As you all must know, the sun just destroys our leather. When i bought the goat, the leather was real rough and dry. I've got the classic black and for the past month or 2 have been trying to restore it. Ive been using mothers and it doesn't seem to be having any real effect, besides leaving a white residue. Any suggestions? I'm thinking about tinting my windows to help save it for the future (legal limits in WI?). I just want to have my leather back!!!  Thanks for the help guys


----------



## Gotagoat (Jan 6, 2006)

I use Maguire's Leather Conditioner to very good effect and no residue. Although I don't think a product is made that will do much to cure cracks, regular application should slow deterioration. Nothing is better for leather than minimizing sun exposure.


----------



## GTO JUDGE (May 14, 2005)

My GTO is garage kept with minimal sun. I applied Maguires Gold Class religiously from the first day I purchased it. I concentrated on the seams knowing there were issues. I got nailed with the splitting of the seams. It's a cheap grade of leather. Constant care will not prevent it. Either you'll get it or you won't.


----------



## jpalamar (Jul 22, 2008)

I almost never conditioned mine and it was a DD with 80k miles. Parked outside. My leather was mint. The wifes was conditioned every month, stored in a garage, and ripped in the back seats. Even her GM replacements tore within a year.

If I was paying, I'd go aftermarket.

Figure that.

Don't get the Maguire's Leather Conditioner in the spray bottle. It sucks compared to the 'paste' they offer.


----------



## BWinc (Sep 21, 2005)

Go to Autogeek and look up Leatherique. Expensive but it works.


----------



## nubee12 (May 18, 2012)

I to have had very dry leather. I used Leatherique restorer and cleaned with leatherique prestine clean. I have done 2 applications it has greatly improved.Apply on a hot day let it set for a good day or 2 then clean with pristine.My car had come from California.Most likely sat outside i removed the rear seat covers and resewed them. Had the previous owner not tried to sew them with a large needle i could have repaired them so you couldn't tell. Hope this helps:


----------



## GTO JUDGE (May 14, 2005)

The leather used is a cheap grade. A reputable leather upholsterer will corroborate this.
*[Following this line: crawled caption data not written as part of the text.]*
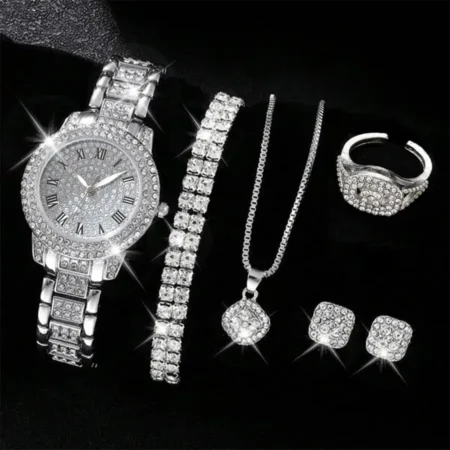 6PCS femmes montre de luxe élégant alliage montre-bracelet en cristal pour dames cadeau montre à Quartz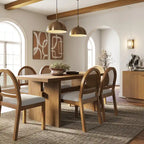 Table à manger moderne pour 6 personnes, petite table de salle à manger rectangulaire avec pieds en bois massif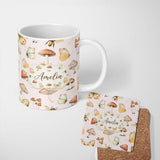 Personalized Custom Name Vintage Butterfly Bees Mushrooms Illustration Soft Pink Background 11oz Ceramic Coffee Tea Mug White Large Handle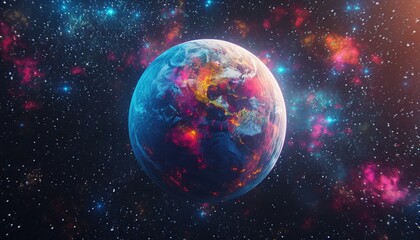 Fototapeta premium A vibrant cosmic scene with planets, colorful atmospheres, and shimmering stars. 🌌✨ Captures the celestial beauty and vivid hues of the universe, perfect for those fascinated by cosmic wonders! 🪐🎨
Where the stitching is in particular the rear seat top, the leather over time shrinks, as it shrinks the leather being cheap tears away from the stitching and or the stitching itself tears compromising the seam.

If you look at that spot on the top of the rear seat you will notice from factory is stretched at this spot. Its already strained. Over time this seam separates. Not all have this issue but most do.

No amount of leather applications on the seat making them look good and keeping them oiled will help this spot. The leather is that brittle restitching is not a reliable option. Stitching can tear the already brittle leather. Heat, and cold shrink and expand the leather further weakening this seam in this spot. The seams on the front seats etc are much tighter and not stretched and are not as susceptible to the already stressed seam on the rear top seat. 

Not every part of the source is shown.